HT main aim is to lower the testosterone in the body, and in the process it also affects the PSA. However, PSA alone cannot rule plateauing. Also if your husband is only on a single blockade drug (LHRH agonist Lupron), according to Myers reports, success is still possible by adding other blockade drugs such as an Anti-agonist and a 5-α reductase Inhibitor. LHRH agonists alone put the patient on TIP (castration levels of serum of total testosterone <50 ng/dL). There will be still plenty of testosterone to feed cancer cells, therefore promoting a higher PSA.

ADT3 stands for Androgen Deprivation Therapy Triple blockade. That is a cocktail of drugs working at the same time, with the aims of reducing testosterone in the body to the lowest level possible, at <10 ng/dL.

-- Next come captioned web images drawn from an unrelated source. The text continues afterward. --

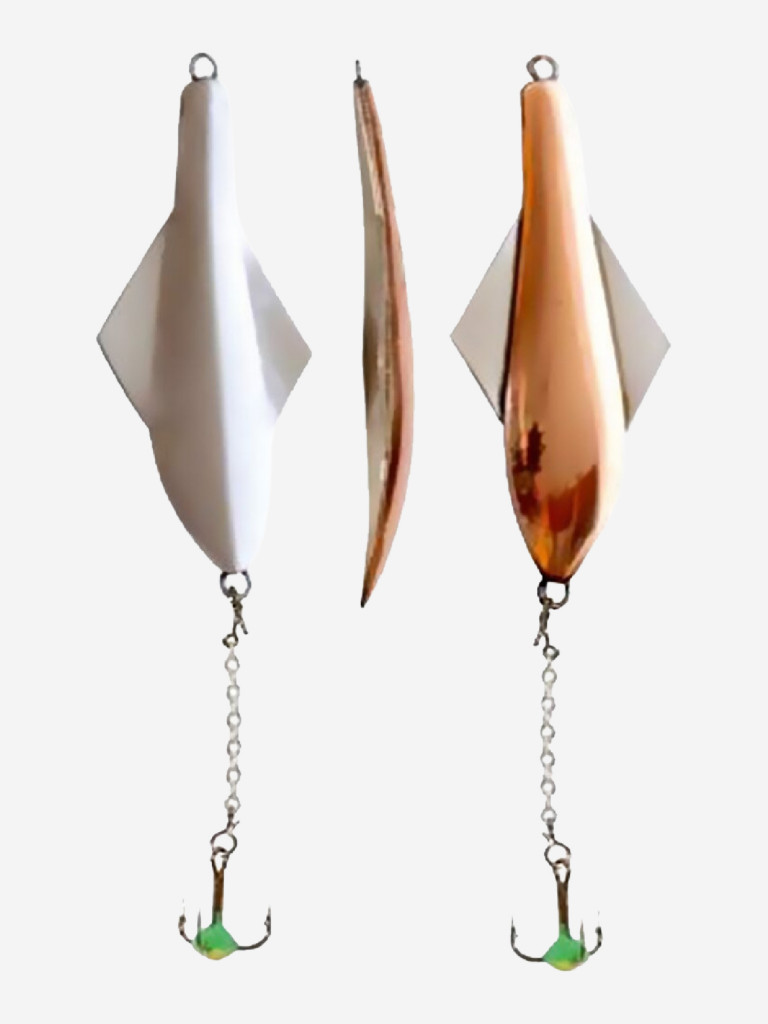 Блесна вертикальная зимняя Lucky John GLIDER с цепочкой и тройником, вес10 г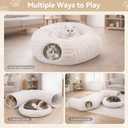 Cat Tunnel Bed Cave - Soft Washable Cushion for Indoor Cats, Peekaboo Hideaway Cave for Indoor Cats, Kittens, Puppies, Rabbits, Luxurious Striped Hare-Feel Fabric, Tunnels for Indoor Cats Large(White)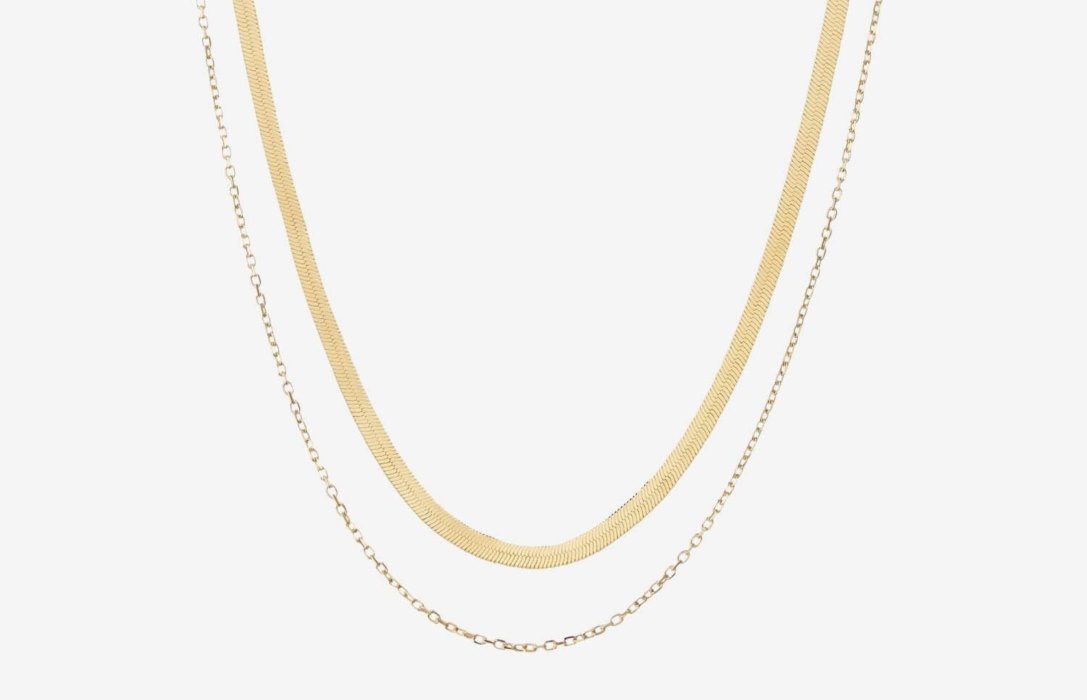 Oliver Cabell Herringbone + Chain Set Női Arany | HU993-53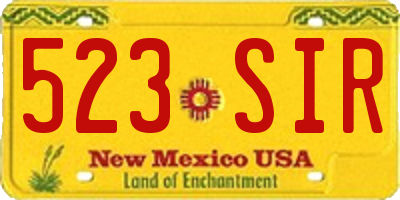NM license plate 523SIR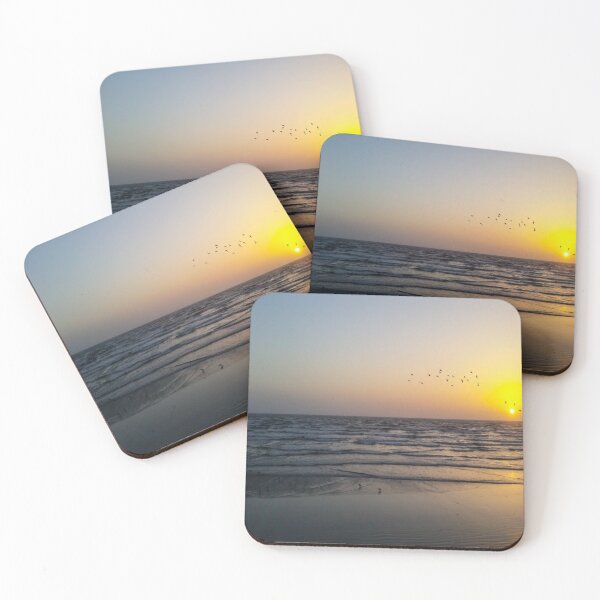 Item preview, Time of sunset with ocean waves and flying birds, blue sky looks great. designed and sold by UGkhan8.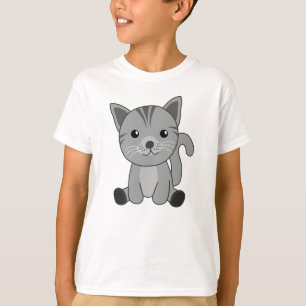 Cat Kitty Grey Fur Nose Cute Animals T-Shirt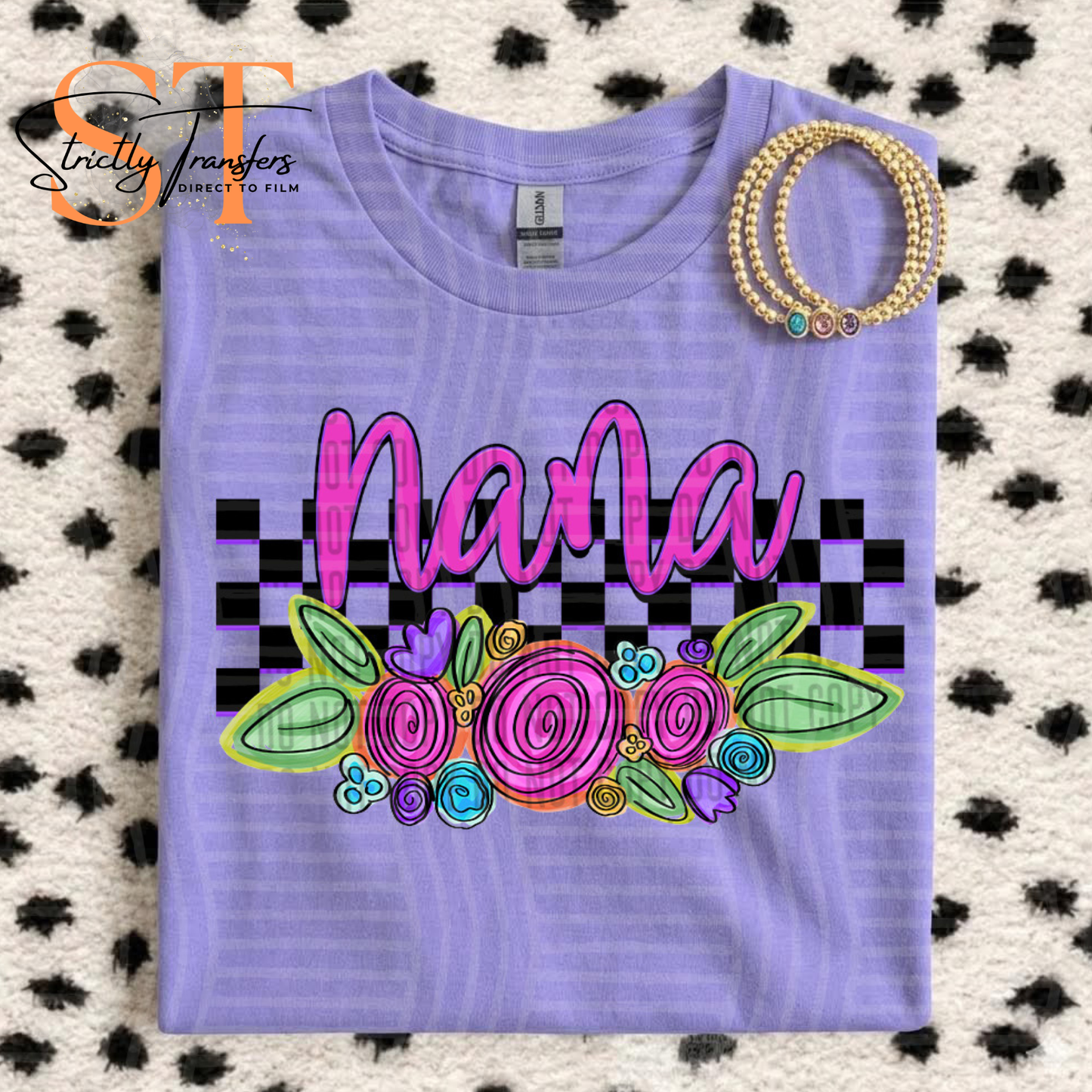 Nana Floral Direct to Film Transfers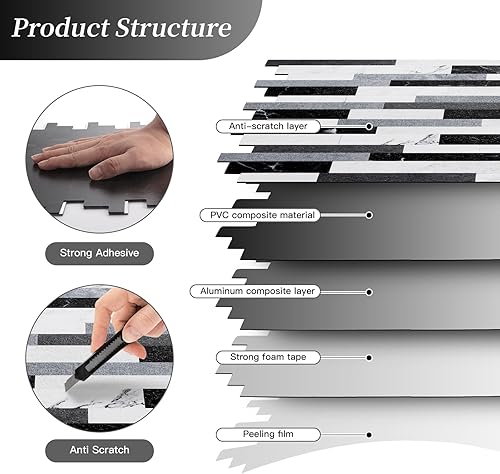 Miniatura 6 de 10 hojas de azulejos más gruesos para despegar y pegar, azulejos autoadhesivos para pared, diseño de piedra negra, para cocina, baño, lavandería,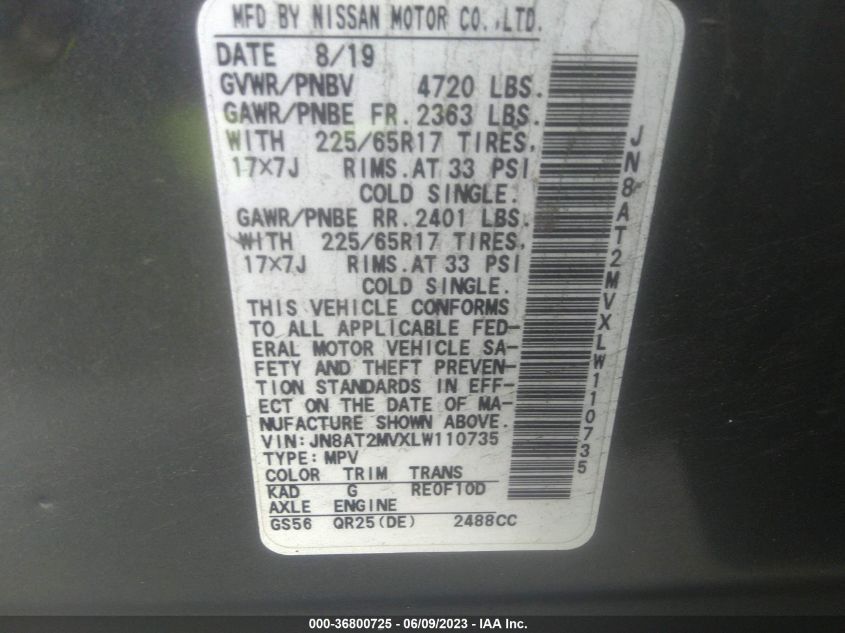 2020 NISSAN ROGUE S/SV - JN8AT2MVXLW110735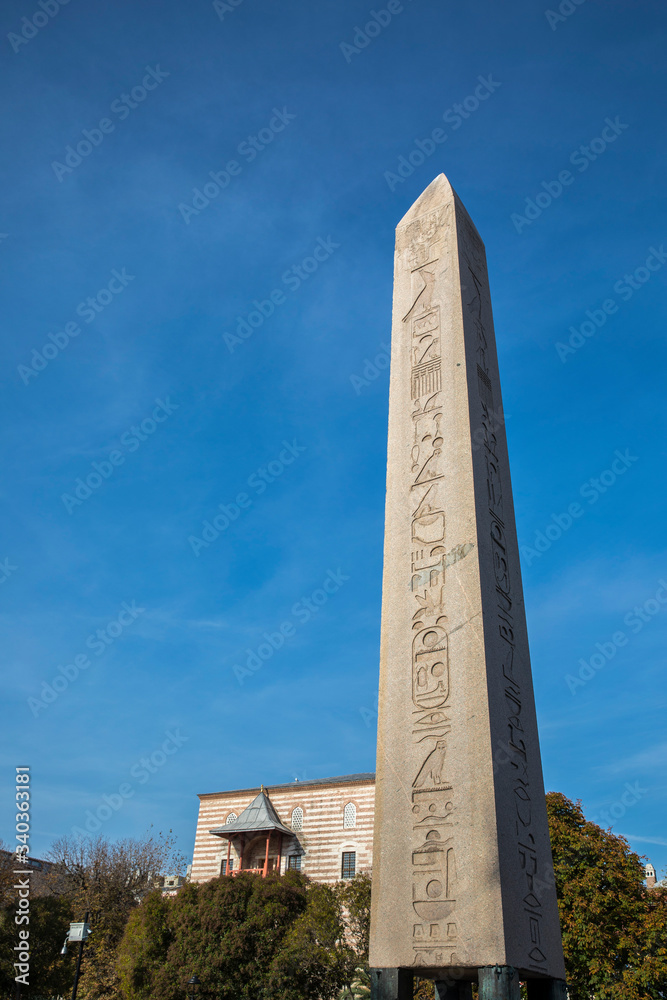 The Egyptian Obelisk and the Serpent Column, Sultan Ahmet Square, Istanbul, Turkey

Once PSA or T tests increase, these drugs are given to patients on higher doses, before Hormone refractory prostate cancer is ruled. A good example is Myers protocol were he puts his patients on 150/200 mg/daily anti androgen Casodex, aiming to get those low low levels.

Hope these helps you in understanding other possibilities to discuss with your oncologist.

Take care

Baptista

Post Edited (Baptista) : 11/25/2010 5:43:29 AM (GMT-7)


Palyn
Regular Member


Date Joined Dec 2008
Total Posts : 25
   Posted 11/25/2010 11:58 AM (GMT -6)   
Thank you everyone for your posts to my question. My husband was on ADT3, had IMRT, chemo, and testosterone was very low, and PSA was 0.01 when he went on intermittent therapy. Would rising PSA alone be enough to indicate cancer is refractory?

Post Edited (Palyn) : 11/25/2010 6:27:47 PM (GMT-7)


Baptista
Regular Member


Date Joined Aug 2010
Total Posts : 84
   Posted 11/26/2010 2:26 PM (GMT -6)   
Hi Palyn,
According to a study done By Oliver Sartor, M.D., a respected hematologist at LSU Medical Center, the definition for androgen-independent or hormone-refractory prostate cancer involves a patient with progressive prostate cancer and serum testosterone of less than 50 ng/ml (castrate level).
In your husband case the rise in PSA with a low testosterone may indicate progression of the disease, therefore HRPC.
A withdrawal of the anti-androgen usual responds to lower the PSA. Oncologists call it AAWR. The mechanics behind are theoretically assumed that androgen receptor of cancer cells will mutate in time so that, a withdrawal of anti-androgens bound to the receptors, will stop feeding the cancer.
You may find in the net information regarding your question by searching with the string; “How Should We Treat Hormone-Refractory Disease”.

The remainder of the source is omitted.